Between these two poles are stories that blur the line between literary and speculative genres.

Élisabeth Vonarburg’s “Terminus” is a parallel world story, but mostly about relationships, identity and self-worth. Casey June Wolf’s “Substance. Light” works some of the same themes, but with an even more poetic bent. Both allude to suicide (so: trigger warning).

Candas Jane Dorsey’s “The Card is the World” a dark--or maybe darkly funny--story plays with literary structure to deliver a commentary on science, suits, and--inevitably--relationships. (And almost as an aside, the invisibility of older women.) Tim Wynne-Jones’ “Eternity Leave” has flying saucers, but it is really a story about imagination, the literary life, and a beautiful day. The story nicely balances literal narrative and Wynne-Jones’ whimsical style.

Lesley Choyce’s own “Tantramar: A Love Story in a Time of Crisis” is either speculative fiction if we believe the characters, Canlit if they are delusional. It could go either way, but it works as a love story, so is categorization important?

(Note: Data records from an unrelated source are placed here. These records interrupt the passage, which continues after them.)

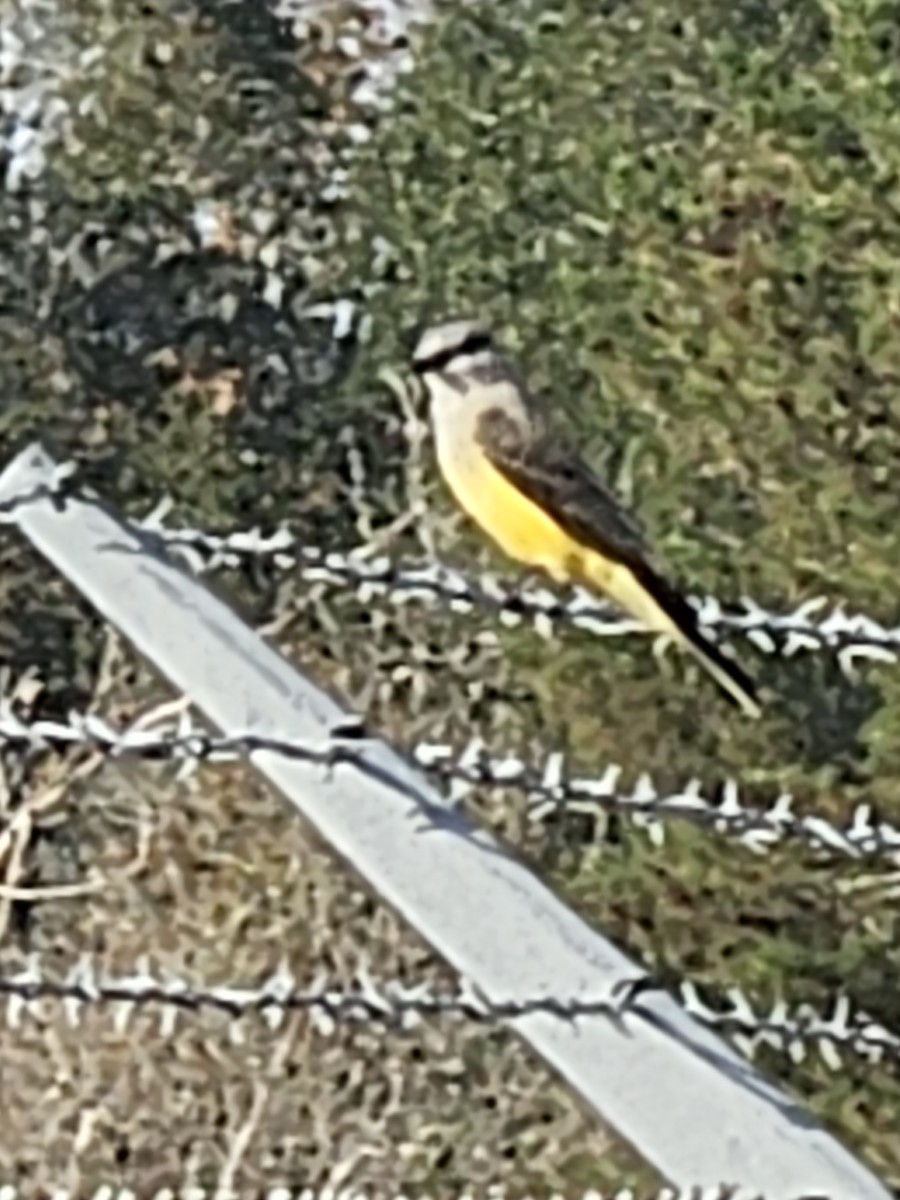 Western Kingbird - ML645856806
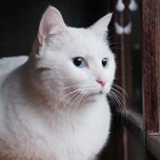 持剑者心伤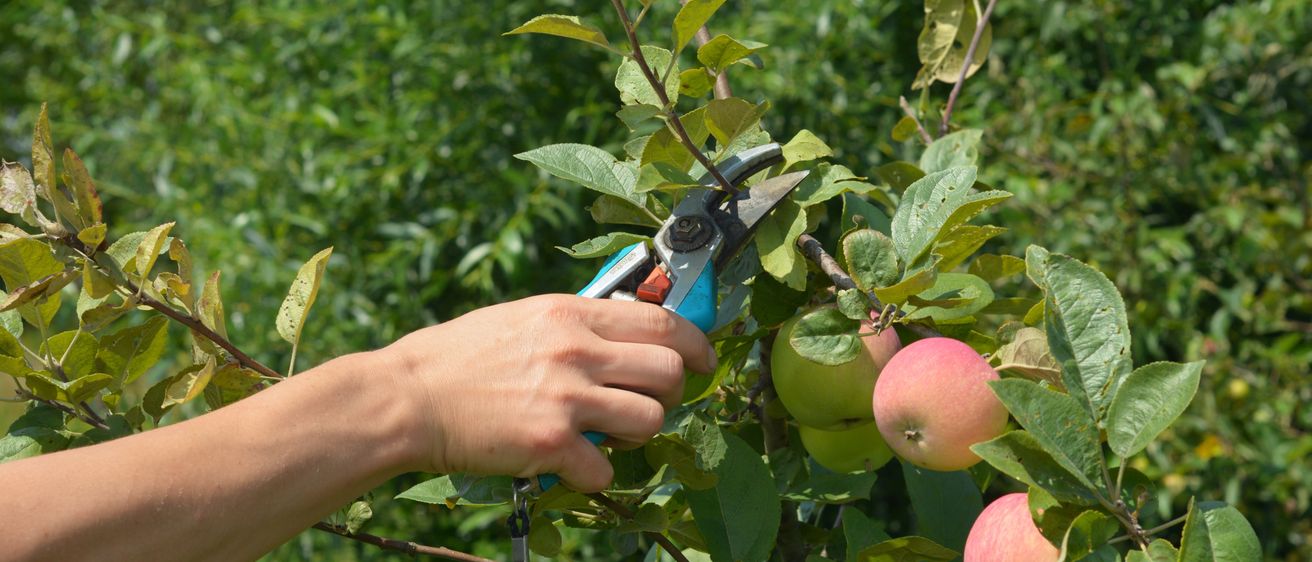 Bild enthält, Food, Fruit, Plant, Produce, Apple, Leaf, Person, Outdoors, Nature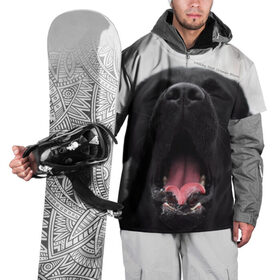 Накидка на куртку 3D с принтом Лабр Марк в Белгороде, 100% полиэстер |  | Тематика изображения на принте: dog | winter | животные | звери | зима | лабрадор | лабрадор ретривер | собаки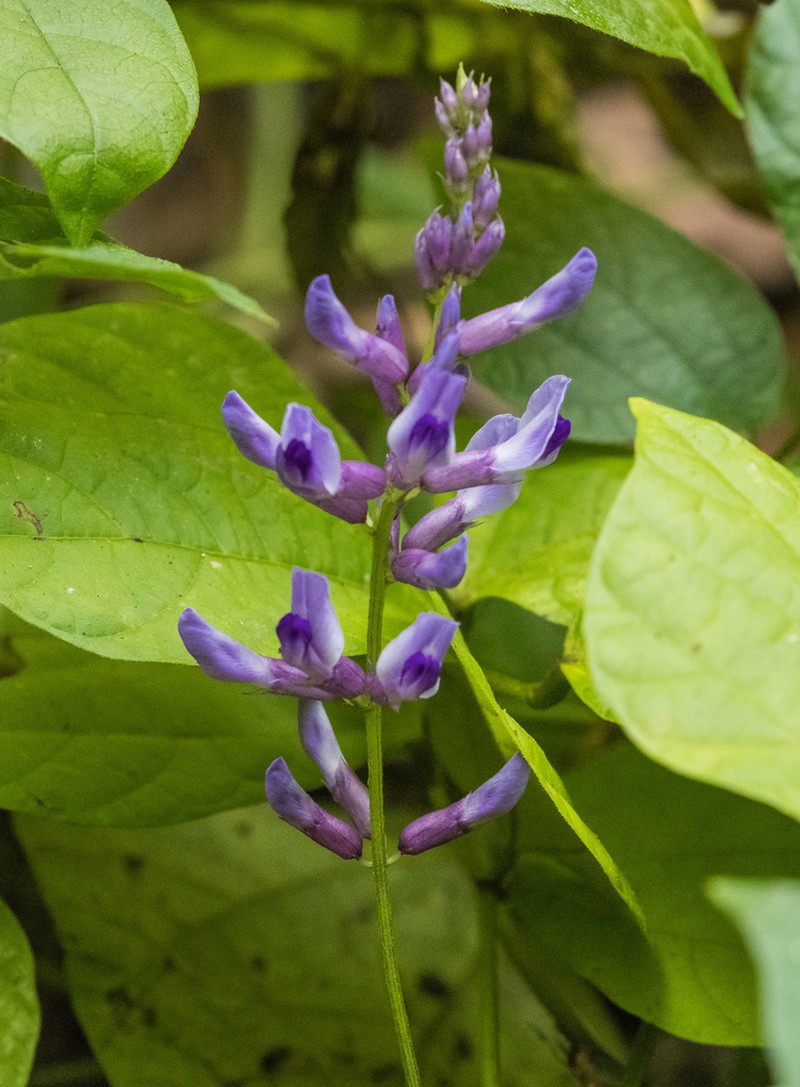 Harashuteria hirsuta photo 8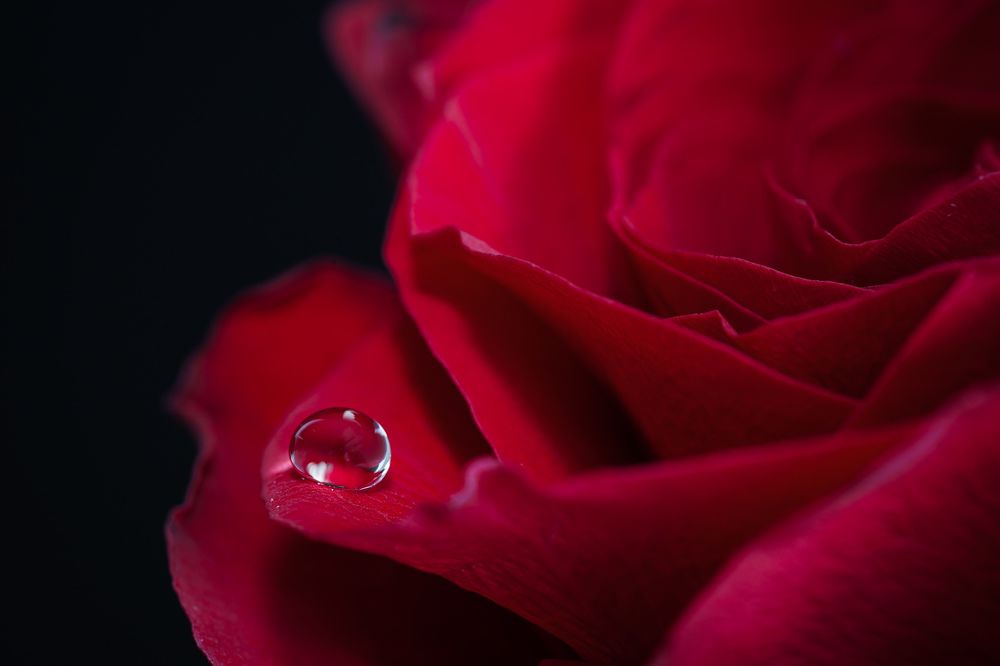 Photograph by Nada Taresh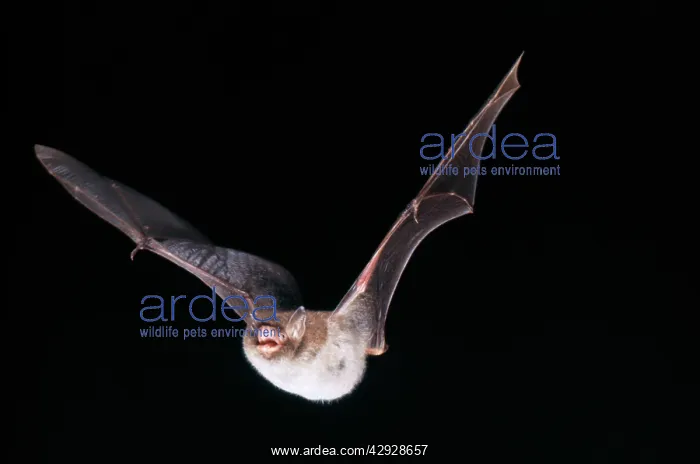 : Daubenton's Bat - in flight : Daubenton's Bat - in flight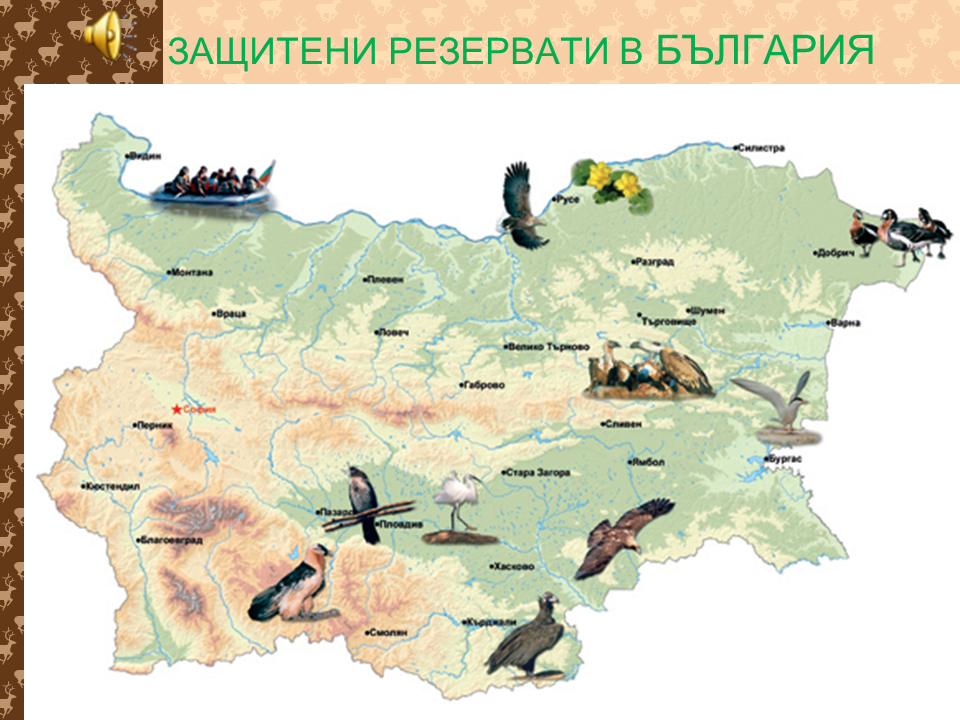 Природни резервати с растителна защита.png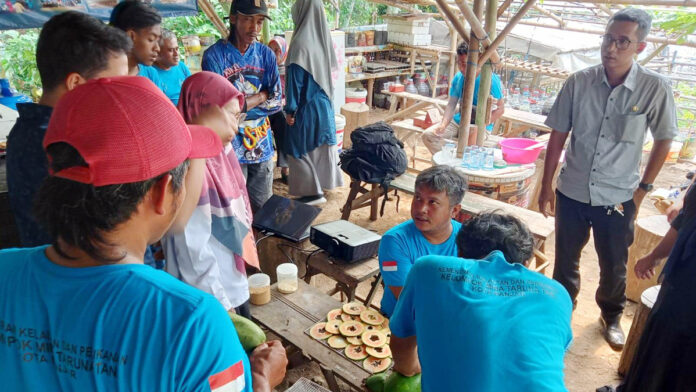 Mengenal Suzi Papa Ikan, Inovasi Pegawai DKP3 Kota Banjar Juara 2 Kibar Awards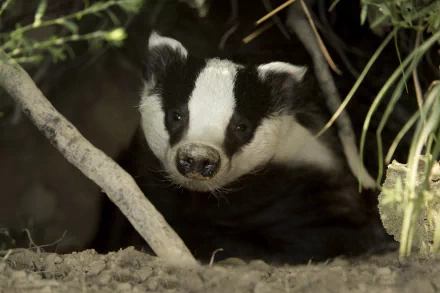Close-up of a badger peeking through underbrush, captured in HD for a PC desktop wallpaper and background.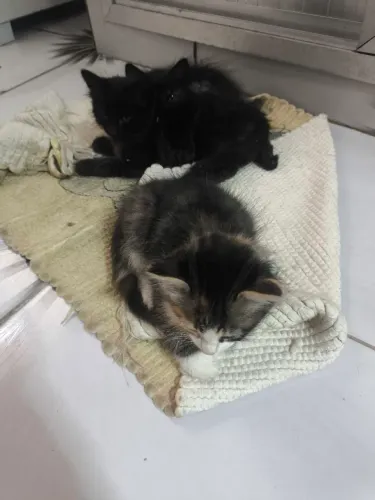 Doação de gatinhos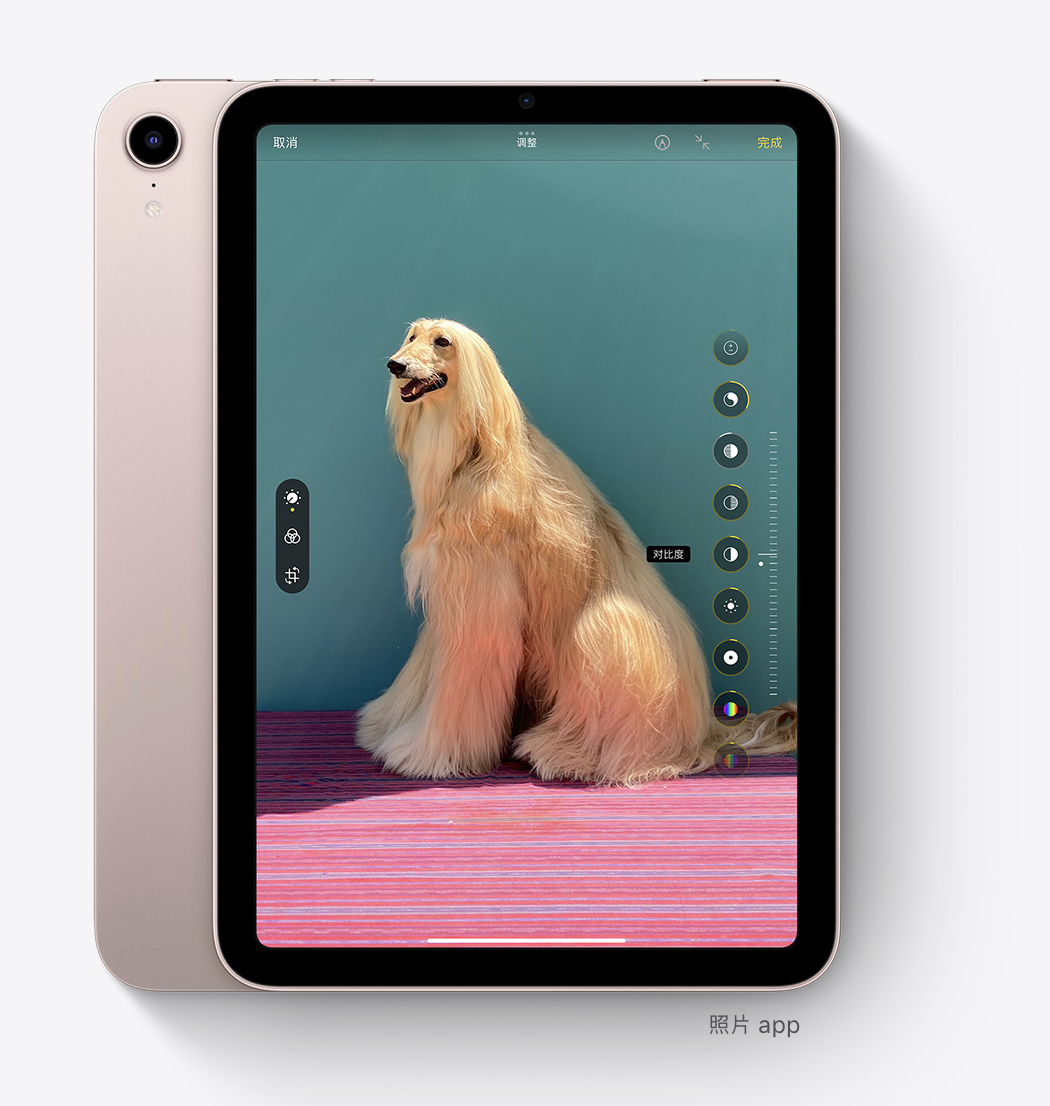 苹果发布会隐藏的黑马ipad mini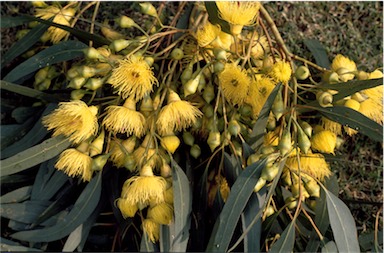 APII jpeg image of Eucalyptus petiolaris  © contact APII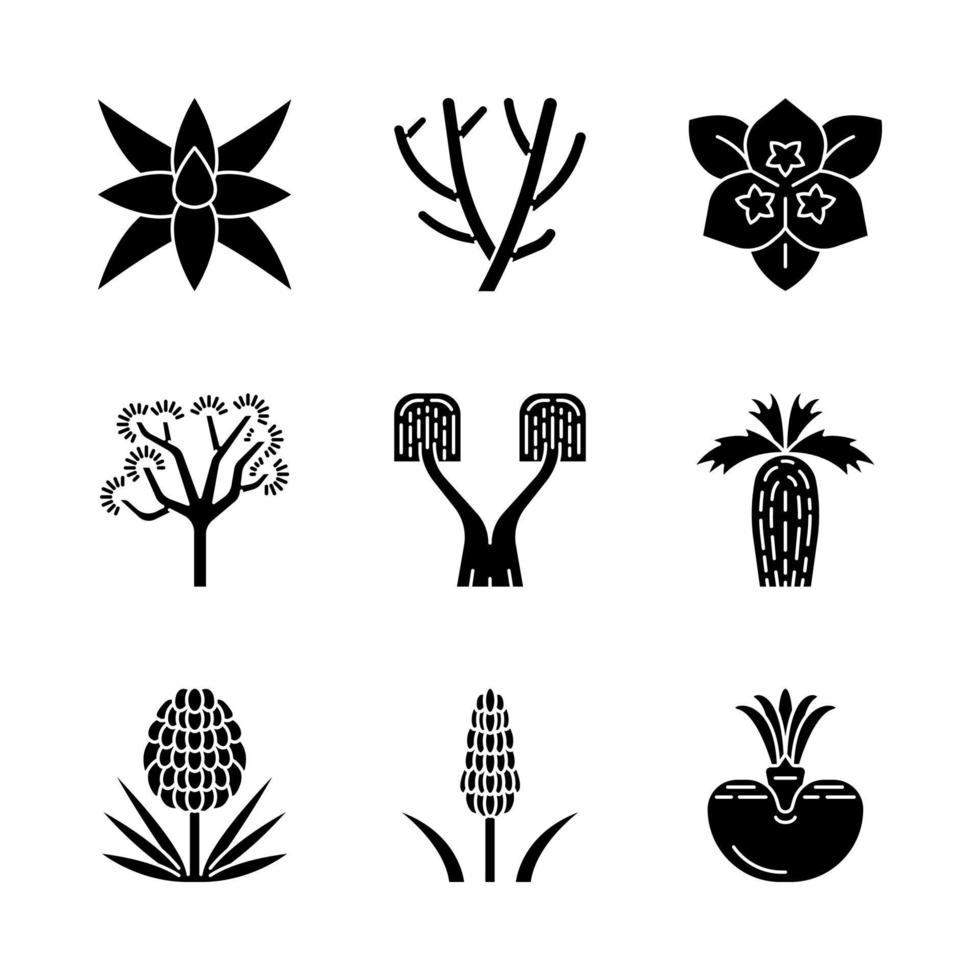 öken växter glyf ikoner set. exotisk flora. yucca, kaktusar, palmer, agave, buske. dekorativa torkatåliga växter. siluett symboler. vektor isolerade illustration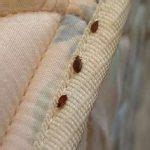 #1 Bed Bug Exterminator in Rochester NY! Control-Removal-Treatments!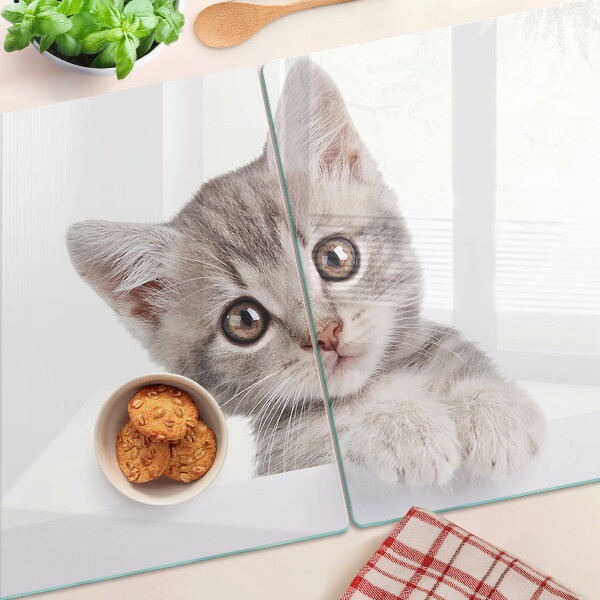 Schneidebrett glas Kätzchen mit großen Augen
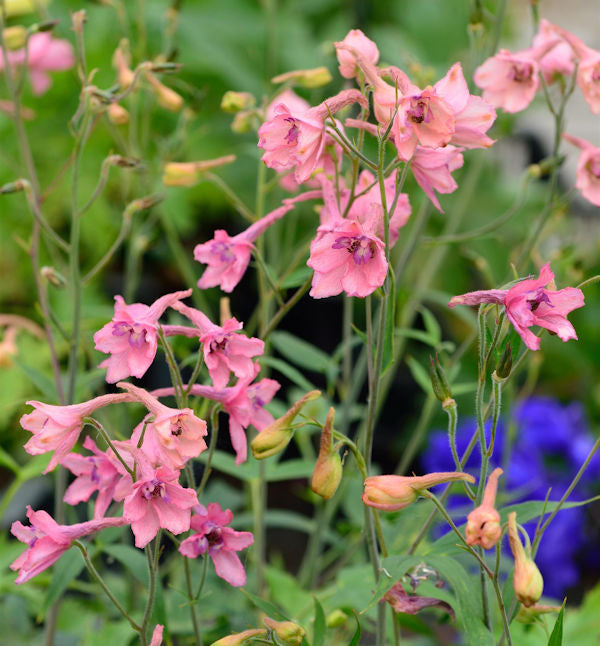  Rittersporn Pink Sensation - Delphinium Ruysii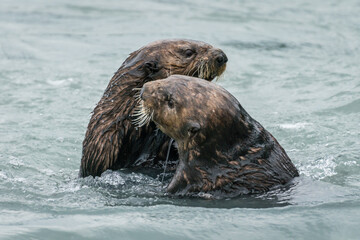 Obraz premium Sea otter close up portrait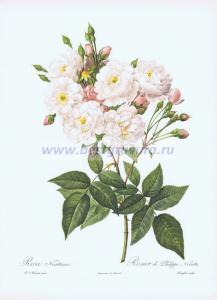 Фотография 0008.jpg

I judge The State of the Ark an accurate presentation of current trends in the genre. Old writers and new are both represented, the new bringing a hopefully growing diversity of voices. There is an underlying optimism running through all these stories, even the dystopian ones, which is perhaps new. The collection as a whole is more literary than idea-driven, more about the writing than story-telling, which I would argue reflects the growing maturity of the speculative genre overall, even beyond Canada. Better yet, the majority of the stories here straddle these divides to combine the best of both CanLit and SF. There is room for both space ships and poetic language in Canadian speculative fiction, and even the straight-forward SF all has an identifiable Canadian slant to it.

The State of the Ark is a ‘must-have’ for anyone wondering what Canadian future fiction fares these days.

The State of the Ark is published by Pottersfield Press, 2023.